» **What you have to do**
Could you copy exactly the lines below from the one with "Today Marks 6" to the one with "Armpit Fat At", inclusive, leaving out any pictures?

» **Exercise materials**
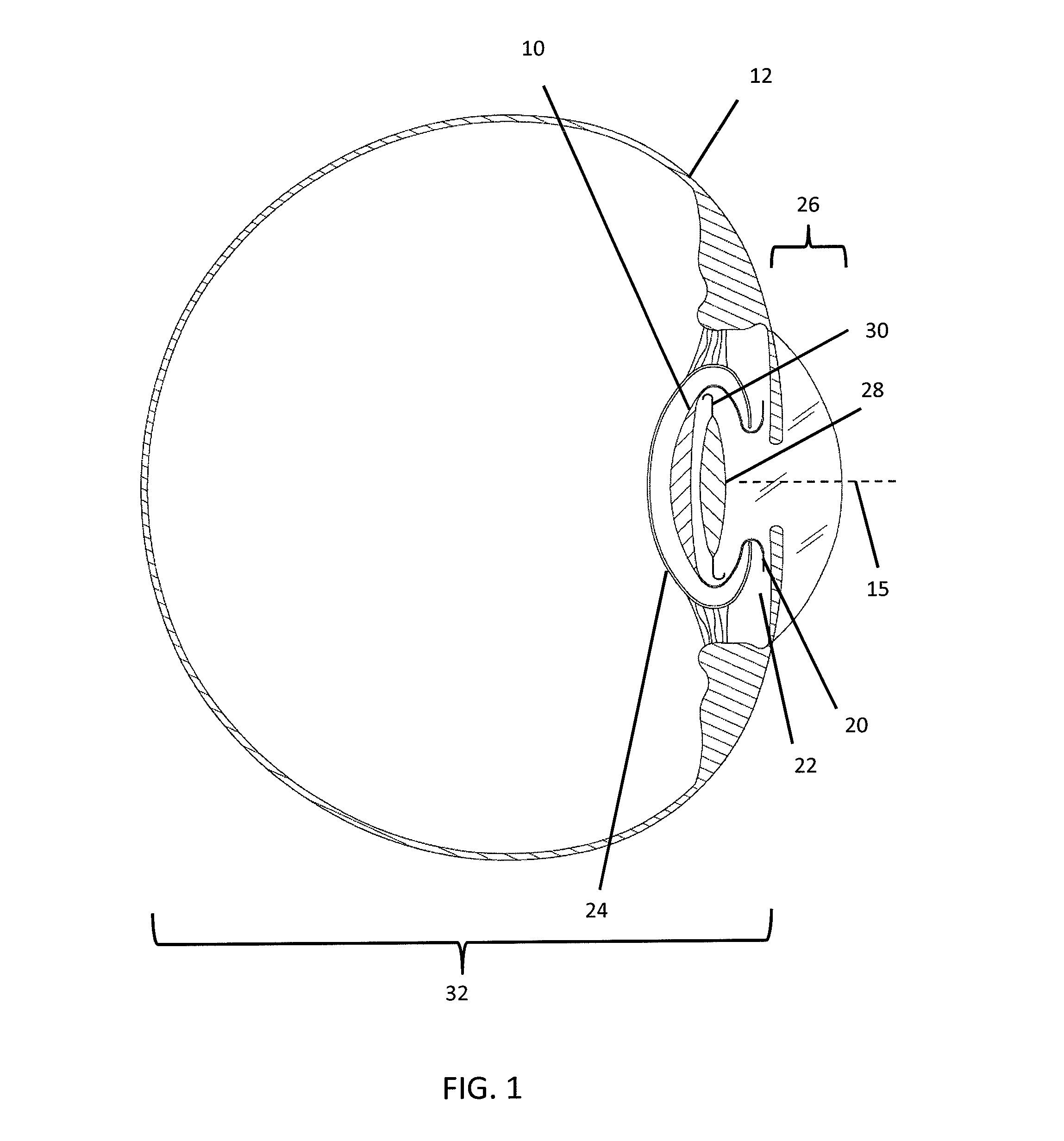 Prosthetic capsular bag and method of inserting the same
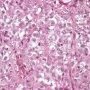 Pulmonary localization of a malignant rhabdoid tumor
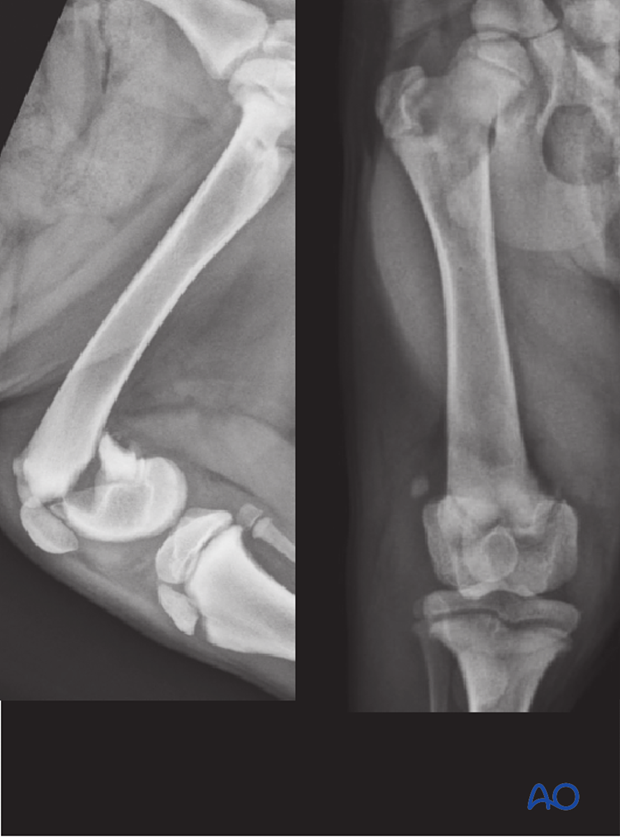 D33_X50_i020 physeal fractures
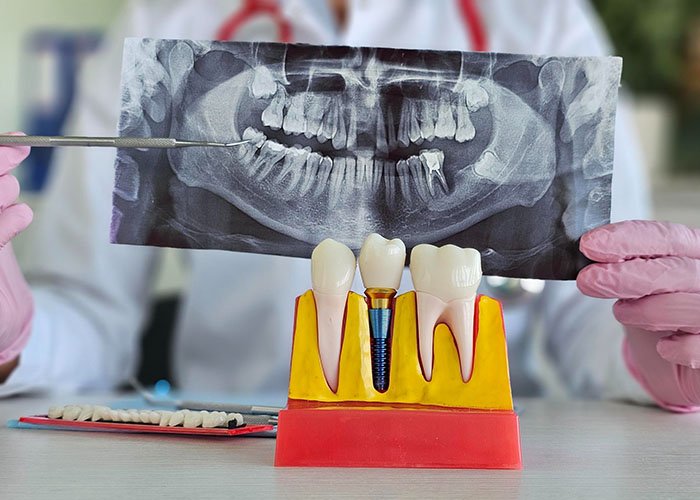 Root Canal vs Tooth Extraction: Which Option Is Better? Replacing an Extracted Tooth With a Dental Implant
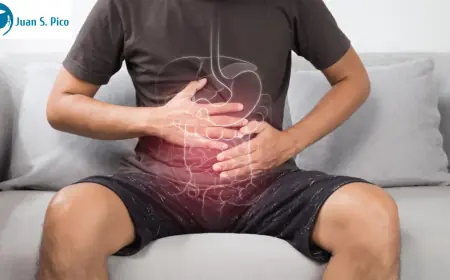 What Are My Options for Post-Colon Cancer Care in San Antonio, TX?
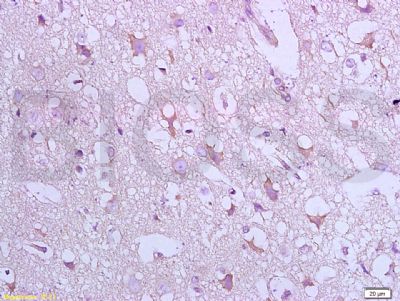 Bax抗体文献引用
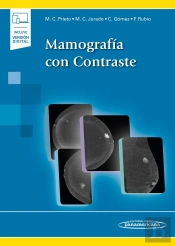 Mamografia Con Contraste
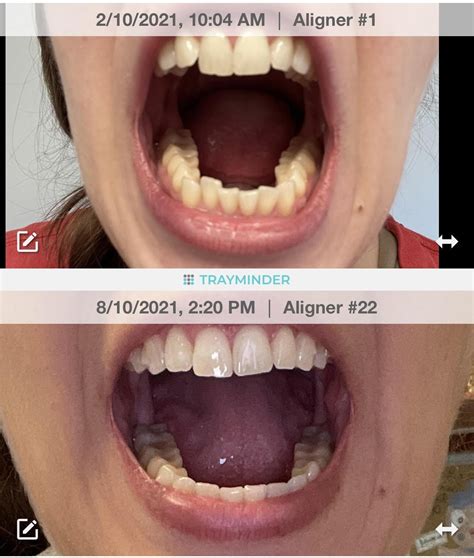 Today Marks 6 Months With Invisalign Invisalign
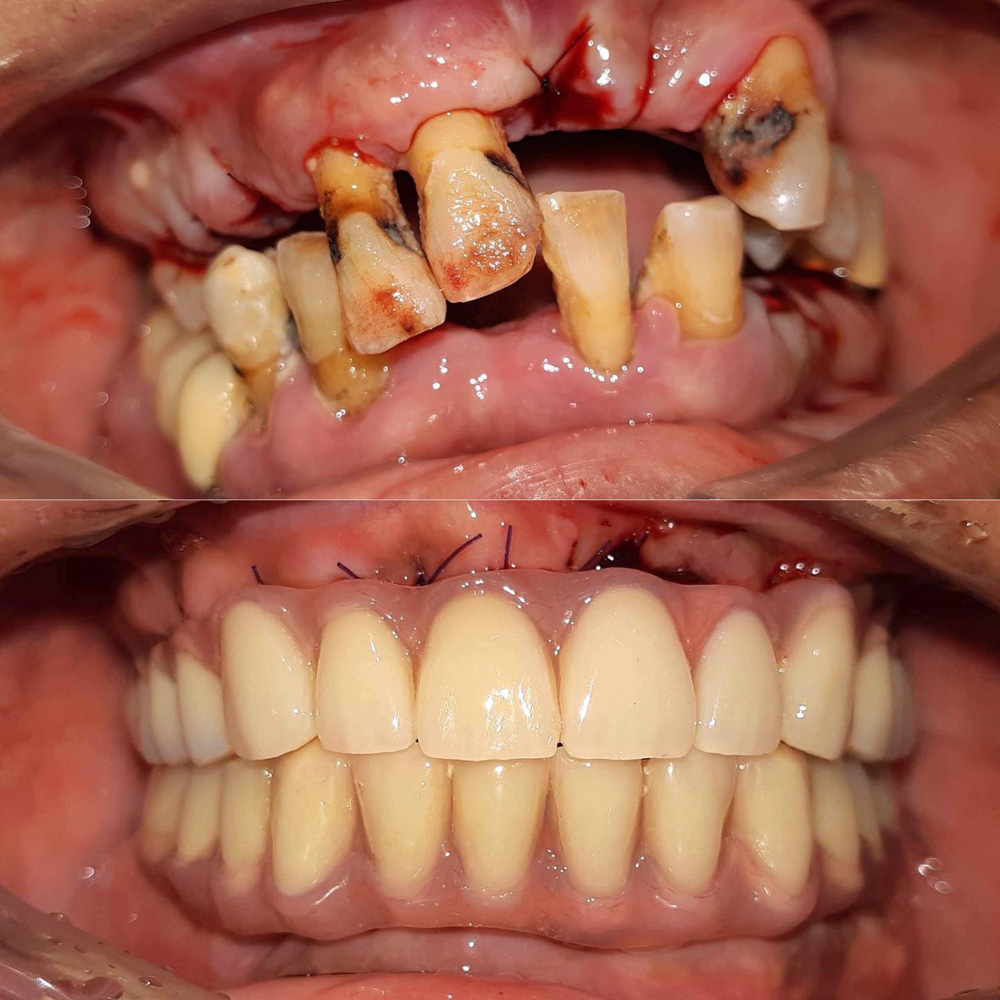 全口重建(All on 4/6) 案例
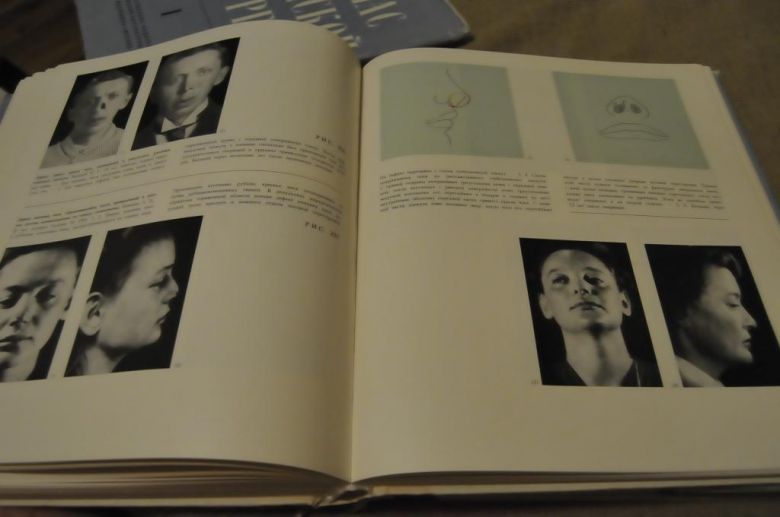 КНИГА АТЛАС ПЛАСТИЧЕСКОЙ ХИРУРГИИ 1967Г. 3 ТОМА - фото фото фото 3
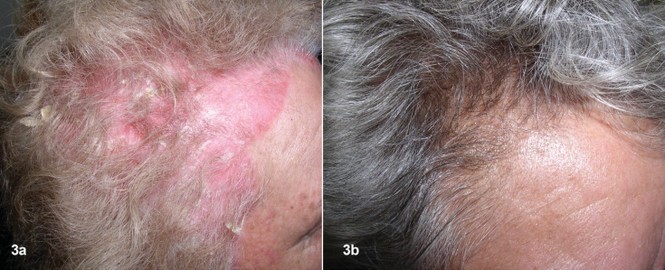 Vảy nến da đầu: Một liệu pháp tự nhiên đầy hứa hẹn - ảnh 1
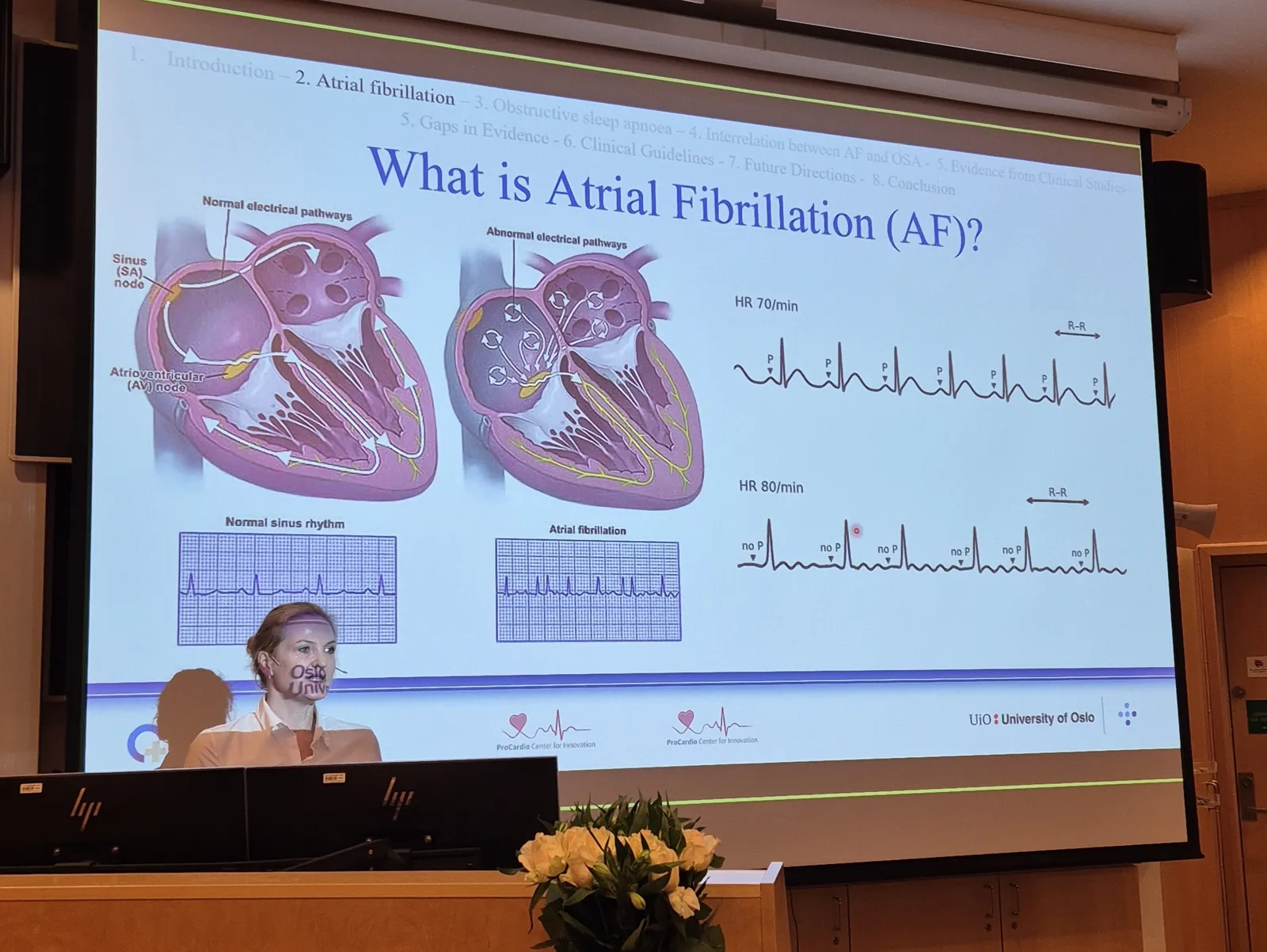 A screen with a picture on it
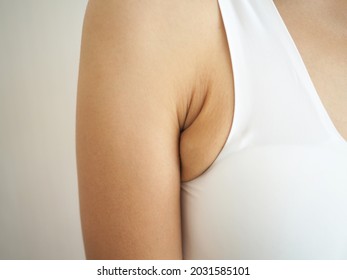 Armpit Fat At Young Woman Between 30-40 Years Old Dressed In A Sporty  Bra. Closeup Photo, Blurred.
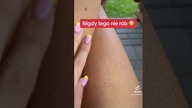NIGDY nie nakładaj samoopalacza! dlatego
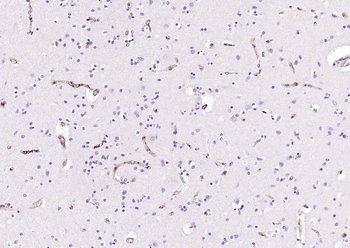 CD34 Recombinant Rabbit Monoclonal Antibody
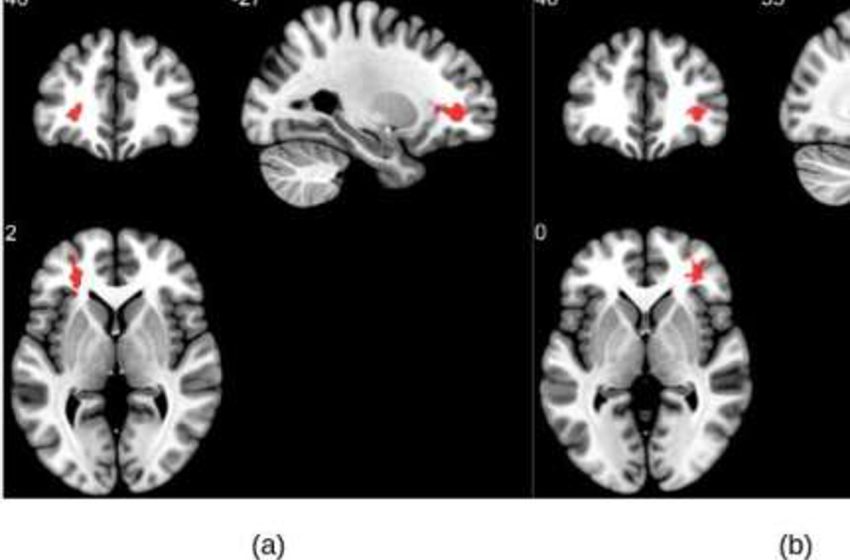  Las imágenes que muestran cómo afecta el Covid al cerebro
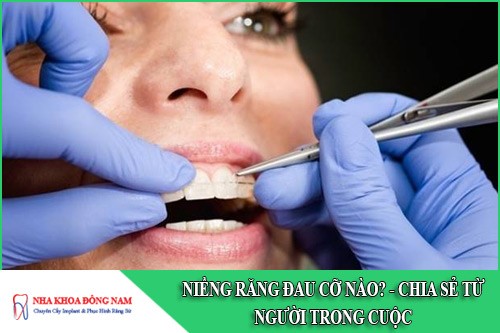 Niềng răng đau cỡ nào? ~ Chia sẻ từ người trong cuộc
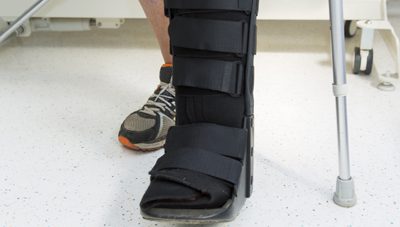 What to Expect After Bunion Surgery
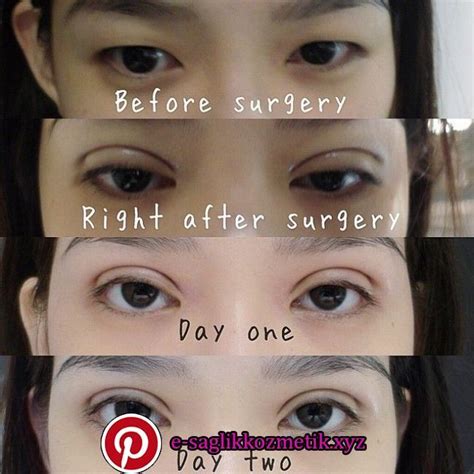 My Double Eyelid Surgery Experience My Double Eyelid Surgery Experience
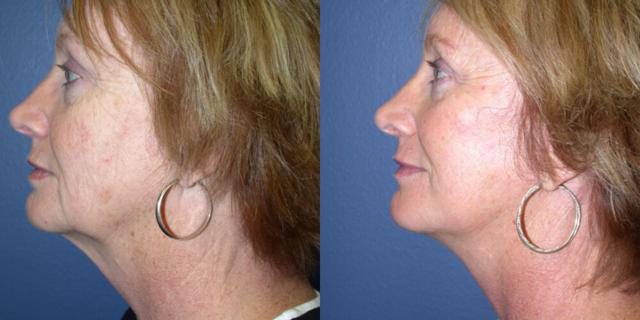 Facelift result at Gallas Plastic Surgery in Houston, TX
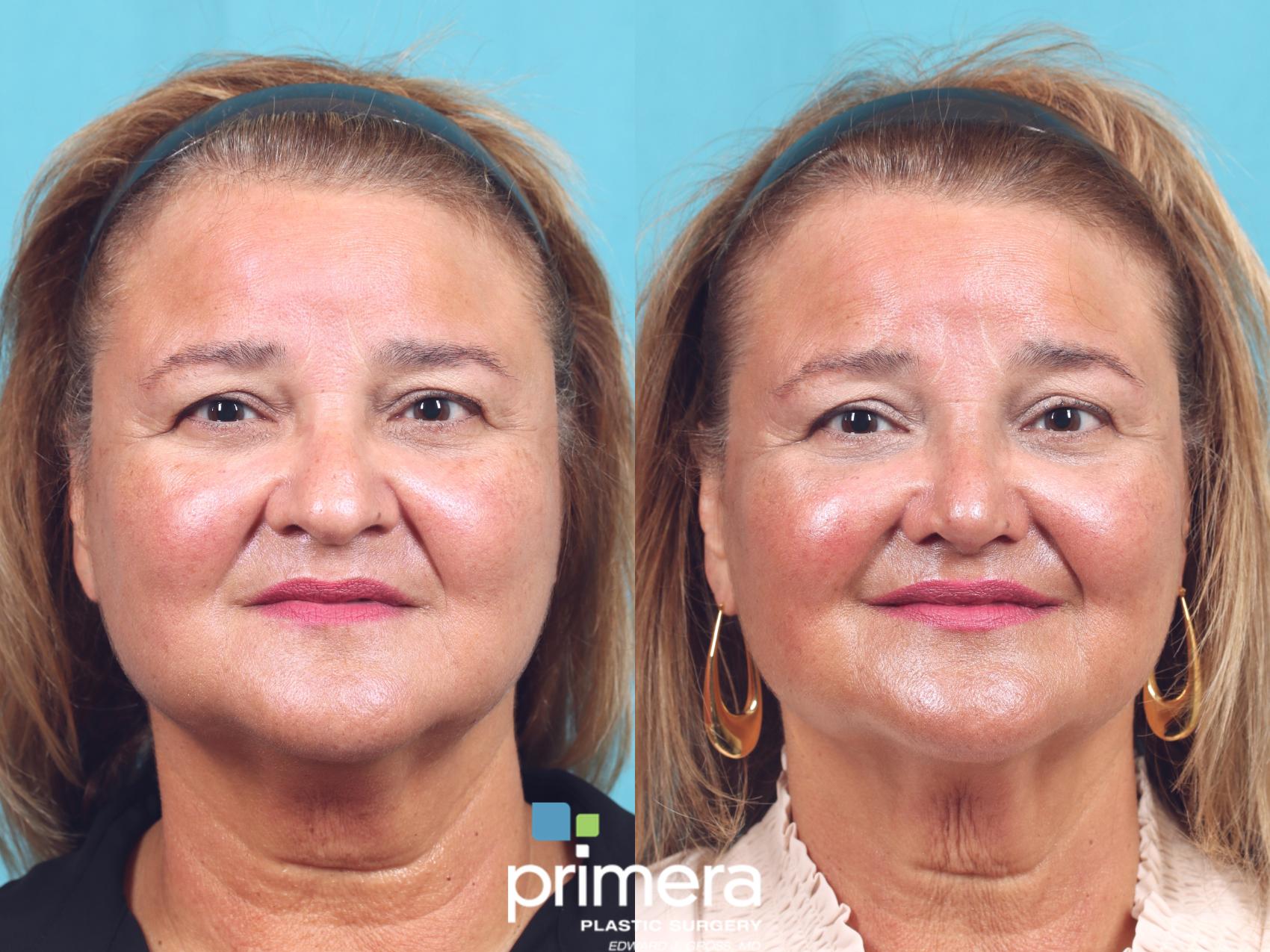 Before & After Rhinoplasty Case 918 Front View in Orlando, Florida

» **Written response**
 Today Marks 6 Months With Invisalign Invisalign
 全口重建(All on 4/6) 案例
 КНИГА АТЛАС ПЛАСТИЧЕСКОЙ ХИРУРГИИ 1967Г. 3 ТОМА - фото фото фото 3
 Vảy nến da đầu: Một liệu pháp tự nhiên đầy hứa hẹn - ảnh 1
 A screen with a picture on it
 Armpit Fat At Young Woman Between 30-40 Years Old Dressed In A Sporty  Bra. Closeup Photo, Blurred.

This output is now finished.